NVIDIA / Megatron-LM

Ongoing research training transformer models at scale
https://docs.nvidia.com/megatron-core/developer-guide/latest/user-guide/index.html#quick-start
Other
9.91k stars 2.24k forks source link

[BUG] Permormance drop while training with MoE #716

Open Teng-xu opened 6 months ago

Teng-xu commented 6 months ago

Describe the bug During our training sessions utilizing Megatron's Mixture of Experts (MoE) layers, we observed a decline in performance occurring at specific steps, with this deterioration manifesting sporadically and inconsistently throughout the training process. We have also done some memory profiling and found that the execution time is predominantly occupied by the all gather and reduce scatter calls, accounting for 99% of the time spent during the low-performance steps. Hence, we seek insights into potential causes of this performance issue.

To Reproduce

config = TransformerConfig(
    tensor_model_parallel_size=1, context_parallel_size=1, pipeline_model_parallel_size=1,
    expert_model_parallel_size=2, num_layers=32, hidden_size=4096, 
    num_attention_heads=32, layernorm_epsilon=1e-05,
    add_bias_linear=False, activation_func=F.silu, num_moe_experts=8,
    fp8=None, normalization='RMSNorm', moe_router_load_balancing_type='sinkhorn',
    moe_router_topk=2, moe_grouped_gemm=True, moe_aux_loss_coeff=0.0,
    moe_z_loss_coeff=None, moe_input_jitter_eps=None, moe_token_dropping=False
)

Expected behavior The throughput should be stable across the training steps.

Stack trace/logs

Batch 138 Loss: 6.425852298736572, Speed: 6.26 samples/sec, Model TFLOPS/GPU: 320.16
Batch 139 Loss: 6.429311275482178, Speed: 6.30 samples/sec, Model TFLOPS/GPU: 321.91
Batch 140 Loss: 6.296842575073242, Speed: 0.05 samples/sec, Model TFLOPS/GPU: 2.39
Batch 141 Loss: 6.297295570373535, Speed: 0.26 samples/sec, Model TFLOPS/GPU: 13.24

image(1)

Environment (please complete the following information):

ktaebum commented 6 months ago

Also encountered the same problem with non-MoE model. I tried to run training job of Llama 13B model on two DGX A100 nodes, but the time breakdown shows:

    forward-backward ...............................: (5662.82, 5666.72)
    forward-compute ................................: (2146.30, 2210.56)
    backward-compute ...............................: (3431.20, 3509.58)
    batch-generator ................................: (17.31, 33.45)
    layernorm-grads-all-reduce .....................: (5.24, 218.94)
    embedding-grads-all-reduce .....................: (0.06, 0.11)
    all-grads-sync .................................: (215891.91, 225072.22)
    optimizer-copy-to-main-grad ....................: (9.13, 9.19)
    optimizer-unscale-and-check-inf ................: (9.69, 9.88)
    optimizer-clip-main-grad .......................: (14.55, 14.77)
    optimizer-count-zeros ..........................: (0.02, 0.07)
    optimizer-inner-step ...........................: (31.58, 32.33)
    optimizer-copy-main-to-model-params ............: (9.36, 9.57)
    optimizer ......................................: (77.15, 77.37)
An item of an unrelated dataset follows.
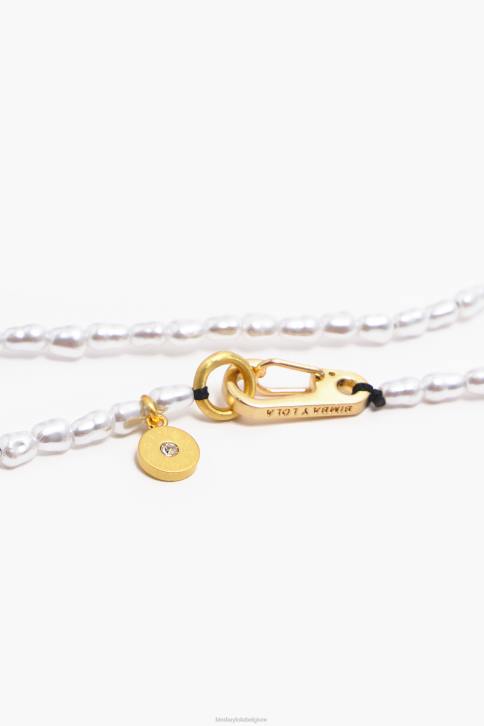 korte hart ketting met parels Bimba Y Lola gouden accessoires 4HDL788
(I disabled all overlap-* optimizations and distributed-optimizer for more accurate time breakdown. Gradient AllReduce takes more than 200 seconds while forward-backward takes just 5.6 seconds. The problem occurs regardless of using distributed-optimizer:

    forward-backward ...............................: (6640.79, 6647.08)
    forward-compute ................................: (3118.90, 3181.81)
    backward-compute ...............................: (3428.96, 3512.83)
    batch-generator ................................: (16.72, 34.26)
    layernorm-grads-all-reduce .....................: (4.97, 11.08)
    embedding-grads-all-reduce .....................: (0.06, 0.12)
    all-grads-sync .................................: (77025.69, 112368.28)
    params-all-gather ..............................: (77461.61, 112343.53)
    optimizer-copy-to-main-grad ....................: (4.65, 4.82)
    optimizer-unscale-and-check-inf ................: (5.37, 5.39)
    optimizer-clip-main-grad .......................: (7.70, 7.74)
    optimizer-count-zeros ..........................: (0.02, 0.03)
    optimizer-inner-step ...........................: (15.89, 16.30)
    optimizer-copy-main-to-model-params ............: (4.53, 4.56)
    optimizer ......................................: (77502.36, 112384.28)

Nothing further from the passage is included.